When tasked with reversing the order of integration in the following integral:
$$\int^1_0\int^{y^2}_{-y}x\ \mathrm{d}x\mathrm{d}y$$
It seems sensible to sketch out our situation:
we have that $-y\le x\le y^2$ and that $0 \le y \le 1$ which gives the following enclosed region:
However, where is the fallacy in writing:
$$\int^1_0\int^{y^2}_{-y}x\ \mathrm{d}x\mathrm{d}y = \int^1_0\left[\int^{0.1}_{-y}x\ \mathrm{d}x + \int^{y^2}_{0.1}x\ \mathrm{d}x\right]\mathrm{d}y$$
(Where 0.1 is chosen arbitrarily) which will then give an enlarged region and thus a larger answer:
This seems clearly wrong, but there's something I'm missing when we have both upper and lower limits of an "inner" integral being a function of $y$. If anyone can spot the exact assumption I'm making which is wrong, that would be appreciated.
The outer integral is evaluated for $y \in [0,1]$, and the inner integral's limits are on $x \in [-y, y^2]$, which you partition into $x \in [-y, 0.1] \cup (0.1, y^2]$. So if $y \in [0, \sqrt{0.1})$, the integral over the second interval is negative, because the upper limit of integration is smaller than the lower limit of integration.

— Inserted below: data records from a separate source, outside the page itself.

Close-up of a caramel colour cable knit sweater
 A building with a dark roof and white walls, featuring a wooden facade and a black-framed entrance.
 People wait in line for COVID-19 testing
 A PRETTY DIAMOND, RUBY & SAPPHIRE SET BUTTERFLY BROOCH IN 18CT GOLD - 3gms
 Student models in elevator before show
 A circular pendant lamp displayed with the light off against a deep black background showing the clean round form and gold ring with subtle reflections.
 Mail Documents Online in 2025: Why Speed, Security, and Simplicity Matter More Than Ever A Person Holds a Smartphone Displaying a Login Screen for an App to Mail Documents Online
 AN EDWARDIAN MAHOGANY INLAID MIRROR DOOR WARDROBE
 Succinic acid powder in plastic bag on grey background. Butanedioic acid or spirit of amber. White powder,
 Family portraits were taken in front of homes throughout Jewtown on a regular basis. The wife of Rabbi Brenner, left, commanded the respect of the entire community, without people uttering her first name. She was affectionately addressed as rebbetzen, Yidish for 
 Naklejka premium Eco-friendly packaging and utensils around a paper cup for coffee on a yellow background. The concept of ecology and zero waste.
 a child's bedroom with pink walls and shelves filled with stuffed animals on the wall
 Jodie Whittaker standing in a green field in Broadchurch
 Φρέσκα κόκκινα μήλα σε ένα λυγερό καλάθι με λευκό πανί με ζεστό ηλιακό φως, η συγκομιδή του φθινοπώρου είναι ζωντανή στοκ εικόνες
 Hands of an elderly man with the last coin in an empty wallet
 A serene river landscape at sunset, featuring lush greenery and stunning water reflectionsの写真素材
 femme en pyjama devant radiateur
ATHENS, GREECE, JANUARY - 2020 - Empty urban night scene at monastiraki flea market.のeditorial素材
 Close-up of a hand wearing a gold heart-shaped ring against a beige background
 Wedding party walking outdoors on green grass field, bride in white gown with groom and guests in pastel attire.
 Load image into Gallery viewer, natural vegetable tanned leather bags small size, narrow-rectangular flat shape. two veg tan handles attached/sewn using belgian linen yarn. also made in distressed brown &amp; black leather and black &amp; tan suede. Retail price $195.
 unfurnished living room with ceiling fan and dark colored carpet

For example, if $y = 0.2$, then $y^2 = 0.04 < 0.1$, and the two inner integrals in your expression become $$\begin{align} \int_{x=-y}^{0.1} x \, dx + \int_{x=0.1}^{y^2} x \, dx &= \int_{x=-0.2}^{0.1} x \, dx + \int_{x=0.1}^{0.04} x \, dx \\ &= \int_{x=-0.2}^{0.1} x \, dx - \int_{x=0.04}^{0.1} x \, dx \\ &= \int_{x=-0.2}^{0.04} x \, dx. \end{align}$$ This resolves your contradiction.